School officials, mayor tour progress of new River City Middle School

Ronald E. Carrington | 7/9/2020, 6 p.m.
As the city’s second Confederate monument was being taken down last week, Mayor Levar M. Stoney, schools Superintendent Jason Kamras, ...
School Board Chairwoman Linda Owen, from left, Schools Superintendent Jason Kamras, Mayor Levar M. Stoney and School Board Vice Chairwoman Cheryl Burke speak to the media after touring the new $64.5 million, 1,500-student capacity River City Middle School on Hull Street Road in South Side on July 2. Photo by Ronald E. Carrington

As the city’s second Confederate monument was being taken down last week, Mayor Levar M. Stoney, schools Superintendent Jason Kamras, School Board Chair Linda Owen and Vice Chair Cheryl Burke toured one of three educational monuments under construction that are dedicated to the future of city students.

The group toured River City Middle School, the new $64.5 million, 1,500-student capacity school being built in the 6300 block of Hull Street Road at the site of the former Elkhardt Middle School in South Side.

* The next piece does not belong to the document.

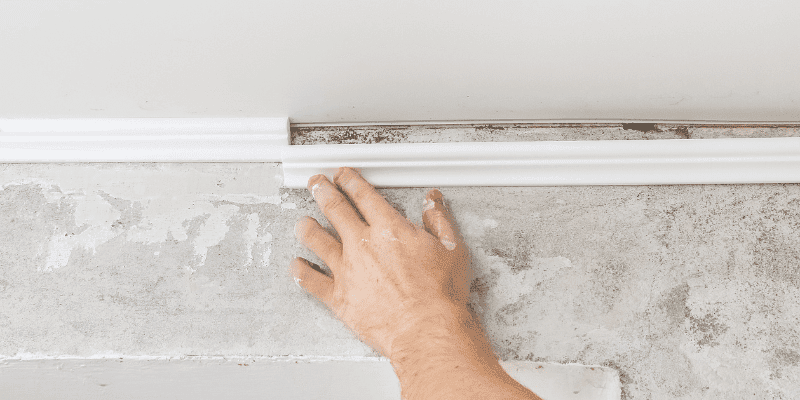 how to cut molding corners
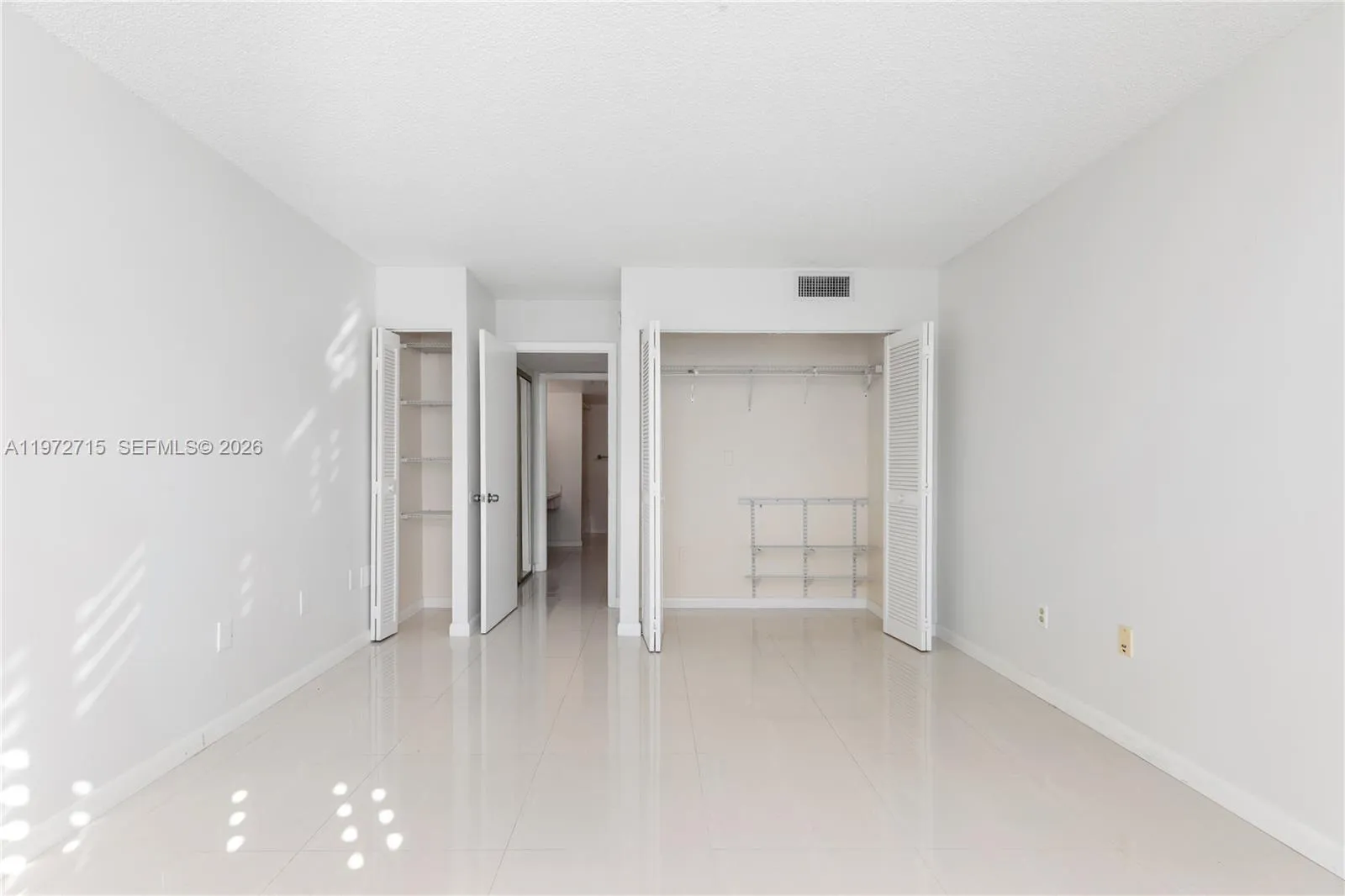 210 Sea View Dr 207, Key Biscayne, Florida 33149, Key Biscayne, Florida 33149, 1 Bedroom Bedrooms, ,1 BathroomBathrooms,Residential,For Sale,210 Sea View Dr 207, Key Biscayne, Florida 33149,A11972715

The school is scheduled for completion this month, and is one of three new city schools scheduled to welcome students this fall for the 2020-21 academic year. The others are Henry L. Marsh III Elementary, replacing the old George Mason Elementary in Church Hill, and Cardinal Elementary, replacing E.S.H. Greene Elementary in South Side.

After the tour on July 2, the mayor and school district officials commented on the importance of constructing 21st century schools that prepare the next generation.

“This is the sort of monument moving forward that we want to erect to our children here in the city of Richmond,” said Mayor Stoney. “This is a testament to what we can do when we all work together.”

When students walk into River City Middle School, “they will have the feeling of love,” Mr. Kamras said, reflecting on Richmond Public Schools’ motto, “Teach with love. Lead with love.”

“This is the kind of high-tech, 21st century school that speaks to future performance and excellence of our students,” he said.

Ms. Owen and Ms. Burke were impressed as they talked about what students will be able to accomplish in the three new schools.

“This school is magnificent,” Ms. Owen enthusiastically proclaimed. “It is built like a high school, with a great media center, auxiliary gyms and amazing kitchens in each wing, three different science labs with lots of light and color. This makes me very happy,” she said.

The middle school is located in the 9th District that Ms. Owen represents on the board.

“We want our children to be successful,” Ms. Burke said.

“They desire well-equipped buildings with state-of-the-art resources. This is absolutely awesome,” she said of River City Middle School.

Henry L. Marsh Elementary is located in the 7th District, which Ms. Burke represents on the board.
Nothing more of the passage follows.